The problem.
Transcribe exactly, and only, the lines from the one with "Wild Puma in" through the end of the records below, including both of those lines. Skip all pictures.

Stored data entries
::::::

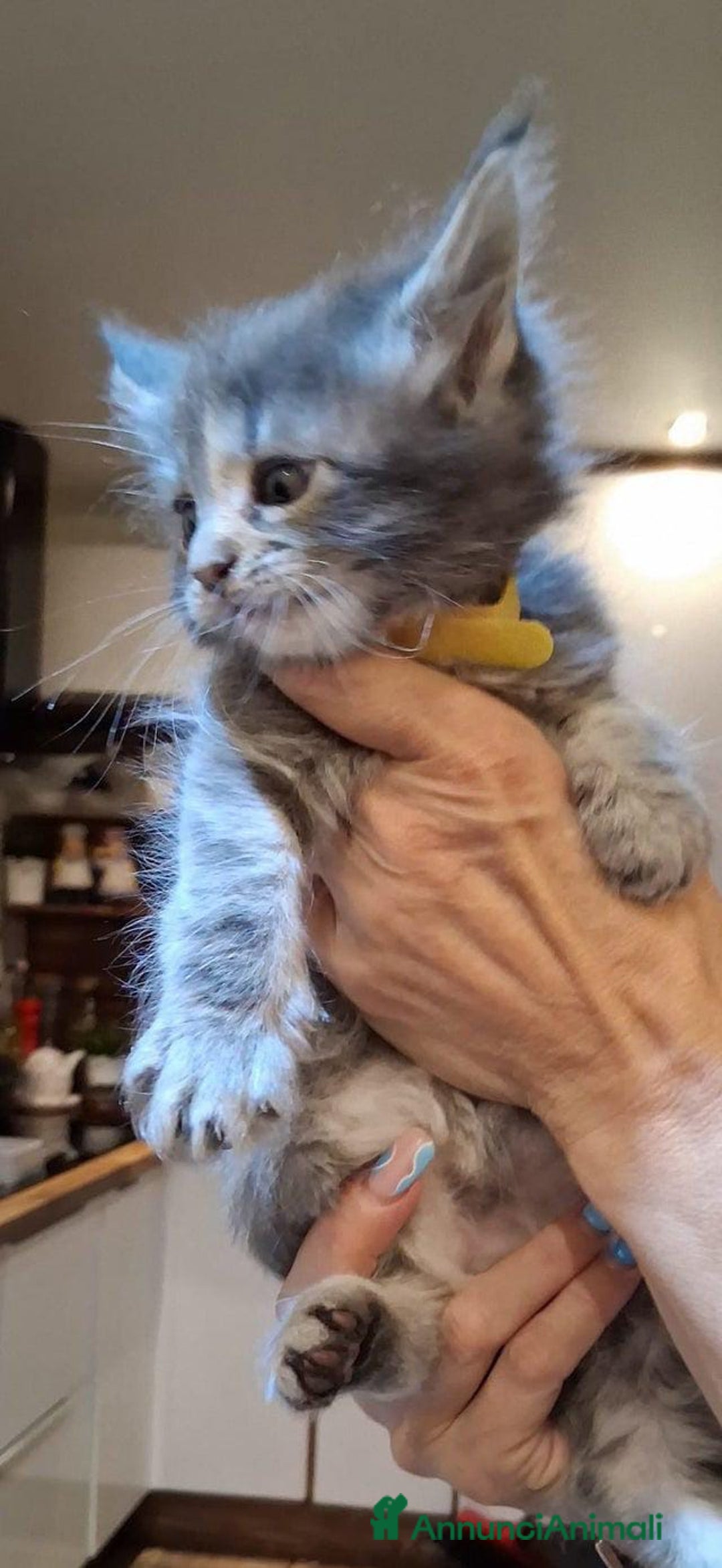 Maine Coon gatti in vendita: Maine coon pedigree - Annuncio 7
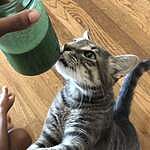 Image of Review by Ashley W. on 3 Jun 2020 number 3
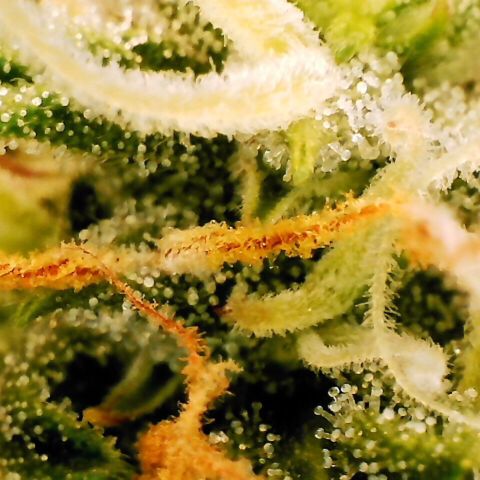 Pineapple Express Auto growlog timeline photo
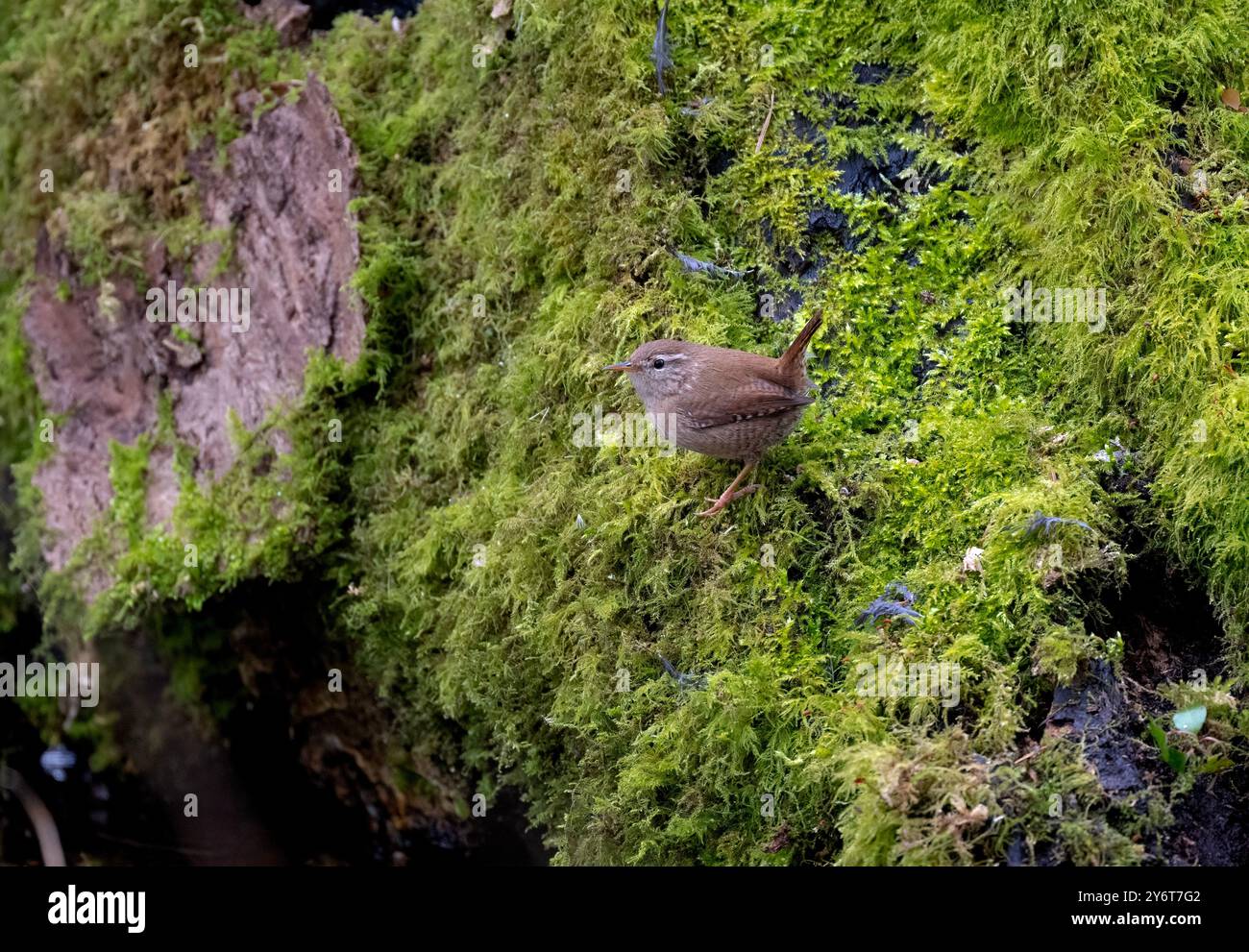 A WrenTroglodytes troglodytes looking for food items on a mossy covered mound. Norfolk UK. Stock Photo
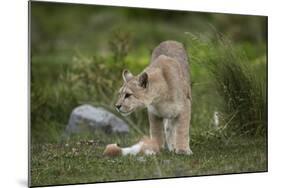 Wild Puma in Chile-Joe McDonald-Mounted Photographic Print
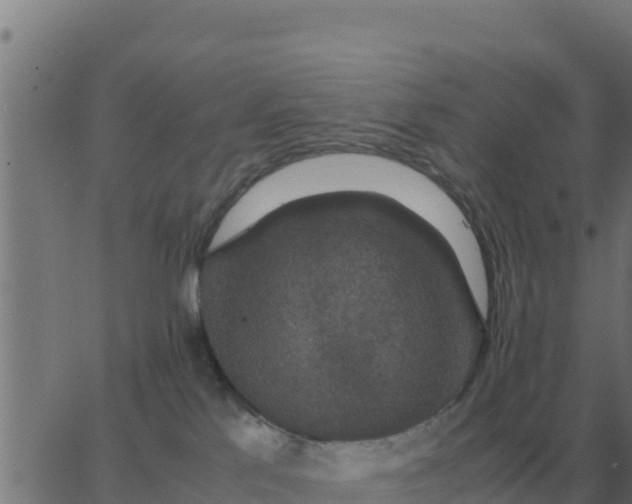 X0000062850041200601272052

::::::

Result of the exercise.
 Wild Puma in Chile-Joe McDonald-Mounted Photographic Print
 X0000062850041200601272052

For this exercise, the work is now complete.